Guanosine 50-triphosphate cyclohydrolase I (GCH1) is located on chromosome 14 (14q22) and encodes the enzyme GTP cyclohydrolase 1 (GTPCH1) [4]. Loss-of-function mutations in GCH1 gene have been shown to cause autosomal recessive GCH-deficient hyperphenylalaninemia and autosomal dominant L-Dopa-Responsive Dystonia (LRD) [5]. Although LRD is a rare neurometabolic disease, characterized with dystonia that begins in childhood and responds dramatically and permanently to Low-Dose Llevodopa (L-dopa), an association with Parkinsonism in old age has been reported [4]. Furthermore, patients with sporadic Parkinson Disease (PD) have an increased frequency of pathogenic GCH1 mutations, which have previously been reported to cause LRD [5]. Thus, rare GCH1 coding variants are considered as a risk factor for PD [6].
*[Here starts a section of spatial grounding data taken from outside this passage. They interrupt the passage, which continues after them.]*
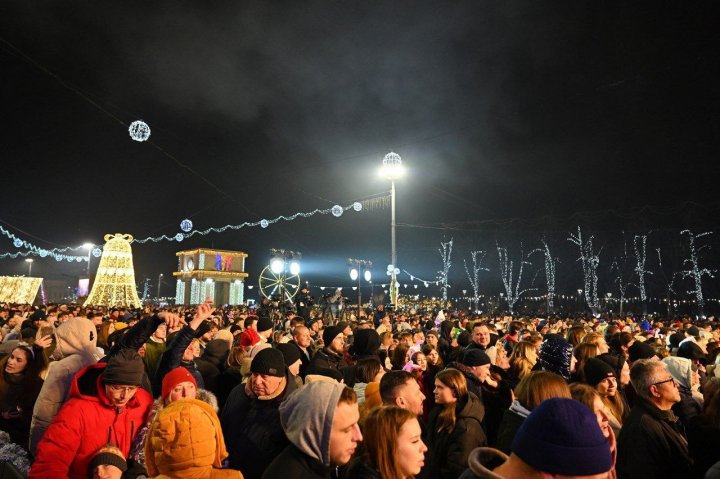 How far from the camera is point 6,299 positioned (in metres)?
29.1

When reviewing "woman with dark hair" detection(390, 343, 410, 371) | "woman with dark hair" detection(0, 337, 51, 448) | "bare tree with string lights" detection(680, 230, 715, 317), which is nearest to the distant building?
"bare tree with string lights" detection(680, 230, 715, 317)

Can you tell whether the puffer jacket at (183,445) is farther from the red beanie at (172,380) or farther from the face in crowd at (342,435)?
the red beanie at (172,380)

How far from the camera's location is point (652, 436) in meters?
3.34

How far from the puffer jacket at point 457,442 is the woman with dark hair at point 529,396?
0.22 meters

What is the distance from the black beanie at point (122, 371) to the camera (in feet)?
10.00

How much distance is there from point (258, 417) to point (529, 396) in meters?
2.12

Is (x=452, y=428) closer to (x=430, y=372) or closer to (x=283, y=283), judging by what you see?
(x=430, y=372)

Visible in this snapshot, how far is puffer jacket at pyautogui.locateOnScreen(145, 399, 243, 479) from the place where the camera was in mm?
2162

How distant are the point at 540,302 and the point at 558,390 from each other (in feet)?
151

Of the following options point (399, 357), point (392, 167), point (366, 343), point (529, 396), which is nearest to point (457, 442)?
point (529, 396)

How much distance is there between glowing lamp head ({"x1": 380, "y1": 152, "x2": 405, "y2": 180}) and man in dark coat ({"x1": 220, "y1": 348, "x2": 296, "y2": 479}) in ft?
64.1

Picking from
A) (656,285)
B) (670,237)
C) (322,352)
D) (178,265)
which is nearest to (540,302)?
(656,285)

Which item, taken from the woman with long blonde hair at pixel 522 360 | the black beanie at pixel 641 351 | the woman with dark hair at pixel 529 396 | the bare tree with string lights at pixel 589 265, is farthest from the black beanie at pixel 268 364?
the bare tree with string lights at pixel 589 265

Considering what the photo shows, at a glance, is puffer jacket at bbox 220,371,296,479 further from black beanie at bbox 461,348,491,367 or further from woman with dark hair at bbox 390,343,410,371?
woman with dark hair at bbox 390,343,410,371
Colony stimulating factor 1 receptor (CSF1R) gene is located on chromosome 5 (5q32) and encodes a cell-surface receptor primarily for the cytokine CSF-1, which controls the production, differentiation, and function of macrophages [7]. Mutations affecting the tyrosine kinase domain of CSF1R cause Hereditary Diffuse Leukoencephalopathy with spheroids (HDLS) [8,9]. Possible roles of CSF1R in neurodegenerative diseases including PD have been proposed [7].

Case Description

A 69-year-old female patient presented in our clinic with a history of slowly progressive symptoms since approximately one year including initial visual disturbances i.e. diplopia, and later an inability to make vertical eye movements combined with dizziness and headaches, involuntary movements of the left arm, an unsteady shuffling gait with falls, and amnestic aphasia. According to her husband, the patient's personality und behaviour showed alterations including irritability and emotional instability. In addition, cognitive changes such as concentration and memory impairment, as well as dysfunction of rational thinking and executive functions were also present. Everyday life activities were hence restricted with a heavy dependency on her husband.
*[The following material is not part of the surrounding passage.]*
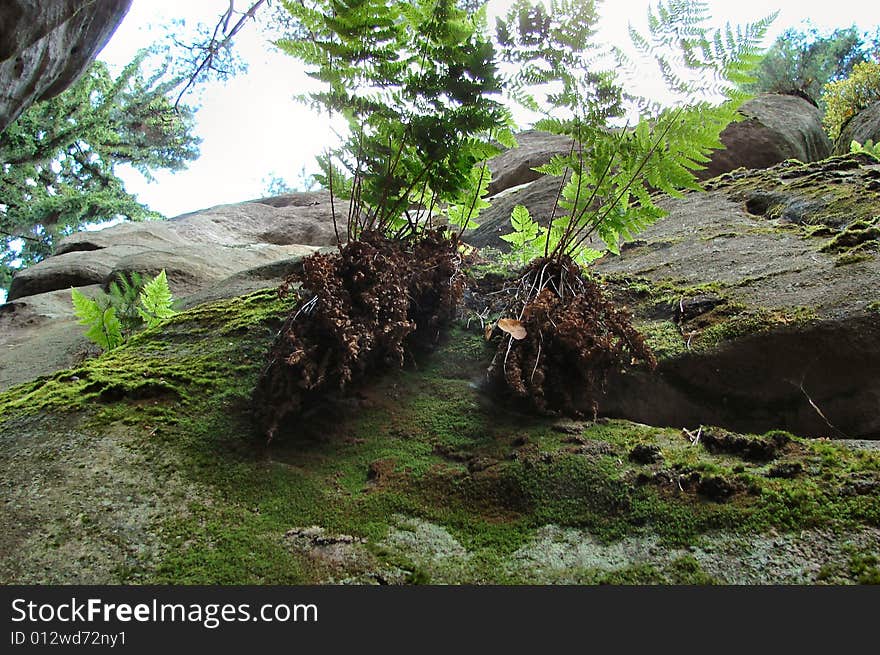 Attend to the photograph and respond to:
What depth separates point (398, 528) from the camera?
187 centimetres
A positive family-history was reported. The patient´s brother had "brain damage", unknown diagnoses and died at the age of 60. No neurological issues were identified in the children and the parents of the patient.
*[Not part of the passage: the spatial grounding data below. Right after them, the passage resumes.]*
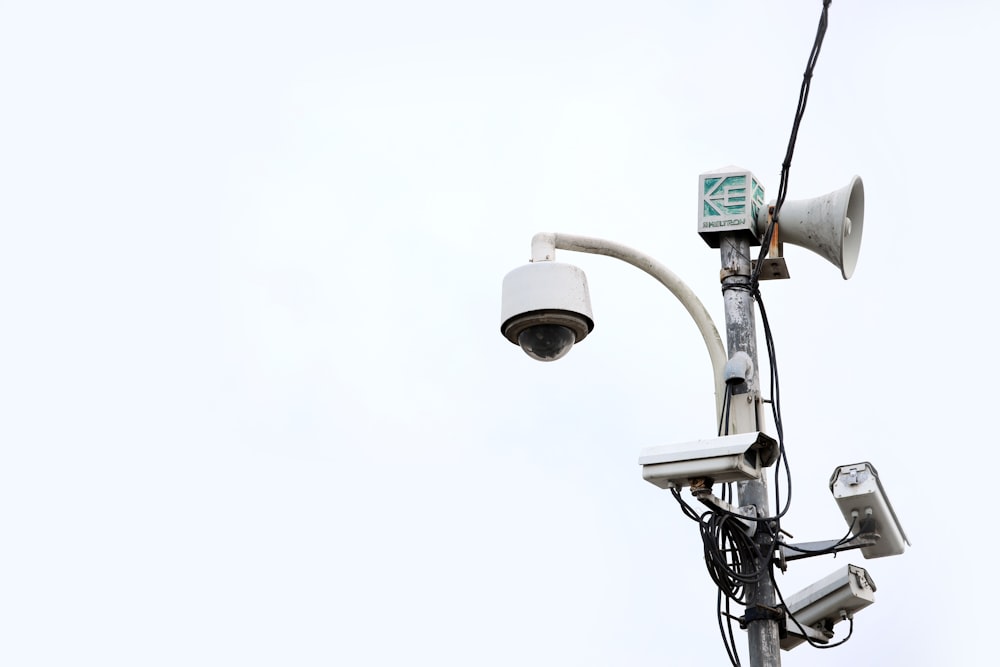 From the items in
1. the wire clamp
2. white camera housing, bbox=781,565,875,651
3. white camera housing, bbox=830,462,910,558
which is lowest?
the wire clamp

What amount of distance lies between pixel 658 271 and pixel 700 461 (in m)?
1.17

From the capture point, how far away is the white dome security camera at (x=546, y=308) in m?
7.60

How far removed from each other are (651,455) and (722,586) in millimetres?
721

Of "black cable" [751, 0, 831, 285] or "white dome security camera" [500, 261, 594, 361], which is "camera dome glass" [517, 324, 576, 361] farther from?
"black cable" [751, 0, 831, 285]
A detailed neurological examination revealed vertical supranuclear palsy viewing up, involuntary exploratory stereotypic choreiform movements of the distal upper left extremity with dystonic component, hypo- and bradykinesia mainly left-sided, pronounced postural instability, applause sign, non-fluent aphasia, idiomotoric apraxia, as well as executive (abnormal Luria-test) and behavioral dysfunction with affective lability.

Diagnostic Assessment

The diagnostic assesments were performed in the University Medical Center Freiburg. The Magnetic Resonance Imaging (MRI) of the head showed mesiotemporal atrophy including entorhinal atrophy and minor atrophy seen in the superior vermis more pronounced on the right side (Figure 1). N-(3-Fluoropropyl)-2β-carbomethoxy-3β-(4-[123I]iodophenyl) nortropane single-photon emission computed tomography (I-123-FP-CIT SPECT) revealed a slightly reduced availability of dopamine transporters in the right striatum (Figure 2).